3.5 Time Outs: Busy Beavers

Thanks once again to our host Larry D. at Acts of the Apostasy, who is also taking it easy today.  Post-holiday light blogging.  But scroll down he’s got some interesting stuff there — Where is the Daddy War? caught my attention.  I’ll come back to serious topics a different week.

Click and be amazed.

1.

This morning I emerged from the bedroom, and found an assortment of children in PJ’s huddled around Sesame Street.  Not surprising.  An odd collection of blankets and pillows and trash paper spread about the coffee table.  Not surprising.  My five-year-old sitting there with paper in her mouth.  *That*  I had never seen before.

2.

“Why do you have paper in your mouth?” I inquired.

“We’re beavers.”

Ah.  Beaver teeth. I had heard rumors of bunny teeth being made last week; after a weekend playing at the river, beaver teeth is the next logical thing.

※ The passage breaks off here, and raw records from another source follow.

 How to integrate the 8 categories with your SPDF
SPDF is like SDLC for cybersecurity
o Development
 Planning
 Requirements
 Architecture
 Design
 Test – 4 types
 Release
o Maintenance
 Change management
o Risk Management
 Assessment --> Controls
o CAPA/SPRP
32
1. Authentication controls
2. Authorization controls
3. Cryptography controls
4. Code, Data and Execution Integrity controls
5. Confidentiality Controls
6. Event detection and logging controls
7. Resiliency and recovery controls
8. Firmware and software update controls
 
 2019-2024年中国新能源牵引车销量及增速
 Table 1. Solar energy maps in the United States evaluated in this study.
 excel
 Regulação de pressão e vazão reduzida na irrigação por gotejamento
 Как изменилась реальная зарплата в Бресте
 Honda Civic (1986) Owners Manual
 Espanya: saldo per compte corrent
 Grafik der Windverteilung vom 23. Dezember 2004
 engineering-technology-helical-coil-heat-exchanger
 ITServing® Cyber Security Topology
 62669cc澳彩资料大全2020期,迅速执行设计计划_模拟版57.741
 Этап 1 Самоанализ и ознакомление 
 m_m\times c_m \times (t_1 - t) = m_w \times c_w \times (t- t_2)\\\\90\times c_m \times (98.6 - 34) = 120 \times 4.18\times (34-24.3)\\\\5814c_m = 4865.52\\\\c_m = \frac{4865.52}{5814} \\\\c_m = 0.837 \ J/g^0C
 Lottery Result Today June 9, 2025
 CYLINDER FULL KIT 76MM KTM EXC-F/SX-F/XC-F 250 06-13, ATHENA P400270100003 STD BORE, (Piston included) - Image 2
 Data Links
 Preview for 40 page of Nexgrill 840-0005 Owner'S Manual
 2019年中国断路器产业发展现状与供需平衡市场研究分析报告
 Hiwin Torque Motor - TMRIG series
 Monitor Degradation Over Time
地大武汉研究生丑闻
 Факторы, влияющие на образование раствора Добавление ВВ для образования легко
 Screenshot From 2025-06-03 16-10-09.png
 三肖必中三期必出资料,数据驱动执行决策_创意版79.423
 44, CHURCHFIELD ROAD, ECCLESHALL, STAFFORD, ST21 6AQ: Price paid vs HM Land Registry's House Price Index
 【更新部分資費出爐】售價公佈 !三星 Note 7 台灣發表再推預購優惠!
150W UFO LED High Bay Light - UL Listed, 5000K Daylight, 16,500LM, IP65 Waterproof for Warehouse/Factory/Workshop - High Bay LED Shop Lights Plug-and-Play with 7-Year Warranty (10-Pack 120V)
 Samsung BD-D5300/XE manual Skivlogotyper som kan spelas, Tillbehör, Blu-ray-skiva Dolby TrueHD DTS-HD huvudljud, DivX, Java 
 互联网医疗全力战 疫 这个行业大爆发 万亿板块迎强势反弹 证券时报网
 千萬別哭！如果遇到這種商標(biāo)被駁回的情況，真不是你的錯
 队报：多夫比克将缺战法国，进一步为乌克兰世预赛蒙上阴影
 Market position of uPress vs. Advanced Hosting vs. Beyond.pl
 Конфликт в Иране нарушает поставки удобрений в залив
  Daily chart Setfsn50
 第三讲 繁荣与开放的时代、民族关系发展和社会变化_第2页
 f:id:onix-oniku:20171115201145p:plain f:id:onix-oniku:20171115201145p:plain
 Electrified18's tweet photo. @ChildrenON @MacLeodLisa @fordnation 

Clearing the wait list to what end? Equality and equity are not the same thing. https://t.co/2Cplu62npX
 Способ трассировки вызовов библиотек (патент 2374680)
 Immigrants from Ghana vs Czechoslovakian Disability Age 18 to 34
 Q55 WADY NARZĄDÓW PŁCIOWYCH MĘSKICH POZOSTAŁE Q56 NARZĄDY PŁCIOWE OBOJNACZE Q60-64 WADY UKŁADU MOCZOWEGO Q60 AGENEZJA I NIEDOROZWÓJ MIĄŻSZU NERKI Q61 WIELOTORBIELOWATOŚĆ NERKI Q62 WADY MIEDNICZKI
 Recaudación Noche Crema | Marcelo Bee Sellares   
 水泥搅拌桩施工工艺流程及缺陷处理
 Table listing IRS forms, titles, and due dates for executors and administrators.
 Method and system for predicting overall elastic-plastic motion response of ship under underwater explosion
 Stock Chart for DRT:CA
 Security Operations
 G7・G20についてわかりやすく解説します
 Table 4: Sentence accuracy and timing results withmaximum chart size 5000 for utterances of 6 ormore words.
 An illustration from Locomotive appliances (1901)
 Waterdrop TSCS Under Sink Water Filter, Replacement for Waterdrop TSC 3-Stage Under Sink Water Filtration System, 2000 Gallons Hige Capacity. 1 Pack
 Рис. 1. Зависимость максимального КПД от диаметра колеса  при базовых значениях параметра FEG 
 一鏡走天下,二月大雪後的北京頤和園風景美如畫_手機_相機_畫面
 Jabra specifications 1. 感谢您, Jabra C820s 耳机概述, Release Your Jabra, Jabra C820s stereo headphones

I looked again at the coffee table.  Everything covering the table was brown.  Around it on the floor?  Blue. And the bits of crumpled up tissue paper were either rocks or whitewater, depending on who you ask.  The kindergartener crawled over to a length of 4″ PVC pipe with a green t-shirt top, made a buzzing noise as she chewed with her paper beaver teeth, and felled the tree.  They only have one tree to chew, so they re-erect it after each meal.

3.

This is why I homeschool*.  Because every now and then I can borrow Rocky Mountain Beaver Pond from the library, and all the kids abandon their regular school work in order to watch, even though they saw it already when they were in K5 or 1st or 2nd grade and in theory the big guys should find it boring by now, but they don’t.

And then instead of telling thirty kids, “Make a diorama about Beavers,” my kids build a live-action diorama in the living room when I thought they were just goofing off being edu-tained.

3.5

What is the proper place for the pink bunny and the purple hippos and the real live family cat, in a living room Beaver pond?  The negotiations are fascinating.

 

***

Well that’s all for today.   I’m catching up on the plugged-in life after the long weekend, so be patient with me as I work through the inbox.  I noticed over at CWG there’s a nice set of Memorial Day posts from today on back through Saturday, go take a look.

Tuesday is Link Day for all topics, not beavers only.  Help yourself if you are so inclined.   Post as many as you want, but only one per comment or the spam dragon will eat you up and I’ll never even know.  Have a great week!

 

*Other people have more impressive reasons for their educational choices.  But seriously.  I’m in it for the beaver pond.

10 thoughts on “3.5 Time Outs: Busy Beavers

  1. Believe it or not, my husband, FIL and kids saw two beavers just yesterday, in Rocky Mtn NP. I know, I know. Now just rub it in my face when you see crabs on the seashore.
    My MIL and I were in the other car, and didn’t know they had stopped. We were all stopped when we saw the mother elk and nursing baby, though. So precious.

    Anyway, yes- the objectives that are met without a lesson plan are a big benefit of homeschooling.

    1. Hehe. I count my blessing every time I don’t have to do the fake tidal pool experiment. But I could settle for Rockies instead. Especially right now with the giant sauna in the sky getting cranked up for the Suffering Season.

      The thing that strikes me so often lately is that my overgrown, crazy back yard has so much more wildlife than I grew up with. So even without going anywhere, my kids are already out seeing and interacting with stuff that was completely foreign to me as a kid.

  2. I gained a lot of appreciation for nature when I married into this family. Birds, animals, trees, flowers, mountains, everything. Just the idea of wanting to know was foreign to me, and that doesn’t even begin to address having accessibility to it.
    It’s all a different kind of nature, though, between where each of us grew up and where we’re both at now. My oldest will not forget fire ants, that’s for sure.

    1. I used to love ants. As a child in Maryland I’d play with black ants — adopt one, skate around the cul-de-sac with it, yeah, okay, strange, but what did you except from your hostess here. Friends for the introvert’s introvert.

      But now, having reared four toddlers in fire ant territory? Amdro. Amdro amdro amdro.

  3. The other two types I saw in Florida were carpenter ants (BAD!) and sugar ants. We left a pb&j on the table one night…. we had thousands of ants. I’d never seen anything like it.
    In order to not stir them up very much, we dumped the whole sandwich off the plate into a ziploc and sealed it. Then I let the ziploc sit. The ants ate themselves into a sugar drunken stupor, no kidding. They were all asleep. Very interesting.

  4. Anna, that is cool. I tried to find an ant book at the library yesterday, but no luck. I got one on butterflies instead. I’ll check a bigger branch next week.

    Other bug excitement: I was cleaning yesterday and found a spider who had died a natural death. I put it over by the microscope in our specimin pile.

    Distressing news: A salamandar was trapped on our porch yesterday, and when I tried to rescue it, it hit. I hope it comes out and is liberated before it perishes. I like my salamandars not dead.